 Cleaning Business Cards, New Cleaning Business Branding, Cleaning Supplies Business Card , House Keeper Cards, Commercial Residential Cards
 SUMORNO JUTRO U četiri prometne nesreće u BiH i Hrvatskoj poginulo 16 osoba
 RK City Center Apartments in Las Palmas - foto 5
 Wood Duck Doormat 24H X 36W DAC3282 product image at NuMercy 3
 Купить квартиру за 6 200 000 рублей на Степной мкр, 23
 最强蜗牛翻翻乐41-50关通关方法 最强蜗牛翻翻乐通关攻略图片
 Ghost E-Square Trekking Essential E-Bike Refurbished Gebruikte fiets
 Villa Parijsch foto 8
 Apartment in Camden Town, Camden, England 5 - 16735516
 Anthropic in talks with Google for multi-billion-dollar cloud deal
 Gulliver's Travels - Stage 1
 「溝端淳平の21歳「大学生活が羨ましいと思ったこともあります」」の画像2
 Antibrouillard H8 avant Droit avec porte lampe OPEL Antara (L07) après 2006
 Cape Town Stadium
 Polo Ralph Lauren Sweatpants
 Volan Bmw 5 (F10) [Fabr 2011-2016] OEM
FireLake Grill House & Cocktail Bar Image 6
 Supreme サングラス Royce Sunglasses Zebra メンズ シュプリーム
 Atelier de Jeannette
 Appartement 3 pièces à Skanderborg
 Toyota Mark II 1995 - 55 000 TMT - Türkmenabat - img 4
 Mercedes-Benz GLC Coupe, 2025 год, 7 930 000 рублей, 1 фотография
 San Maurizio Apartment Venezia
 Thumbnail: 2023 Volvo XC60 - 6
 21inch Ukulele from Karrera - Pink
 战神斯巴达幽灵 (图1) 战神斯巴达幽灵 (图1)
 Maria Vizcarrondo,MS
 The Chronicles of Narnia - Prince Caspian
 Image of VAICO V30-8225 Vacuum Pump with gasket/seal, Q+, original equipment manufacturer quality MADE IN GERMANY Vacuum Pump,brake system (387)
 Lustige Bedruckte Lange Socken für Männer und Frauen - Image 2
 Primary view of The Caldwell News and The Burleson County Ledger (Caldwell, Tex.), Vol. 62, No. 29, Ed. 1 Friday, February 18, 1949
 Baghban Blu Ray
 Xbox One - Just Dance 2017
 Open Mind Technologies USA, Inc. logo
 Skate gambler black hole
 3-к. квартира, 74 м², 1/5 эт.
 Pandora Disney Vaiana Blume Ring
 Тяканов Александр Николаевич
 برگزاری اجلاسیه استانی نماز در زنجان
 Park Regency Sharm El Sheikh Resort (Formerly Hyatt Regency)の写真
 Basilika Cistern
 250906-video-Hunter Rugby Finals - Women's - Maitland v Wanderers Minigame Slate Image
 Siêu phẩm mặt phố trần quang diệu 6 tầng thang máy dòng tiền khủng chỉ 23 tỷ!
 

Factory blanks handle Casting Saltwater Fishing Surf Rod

> [Exercise aim]:
Only the lines from the start of the material through the line containing "Villa Parijsch foto 8" should be repeated, and they should be repeated exactly.

> [Reply to the exercise]:
 Cleaning Business Cards, New Cleaning Business Branding, Cleaning Supplies Business Card , House Keeper Cards, Commercial Residential Cards
 SUMORNO JUTRO U četiri prometne nesreće u BiH i Hrvatskoj poginulo 16 osoba
 RK City Center Apartments in Las Palmas - foto 5
 Wood Duck Doormat 24H X 36W DAC3282 product image at NuMercy 3
 Купить квартиру за 6 200 000 рублей на Степной мкр, 23
 最强蜗牛翻翻乐41-50关通关方法 最强蜗牛翻翻乐通关攻略图片
 Ghost E-Square Trekking Essential E-Bike Refurbished Gebruikte fiets
 Villa Parijsch foto 8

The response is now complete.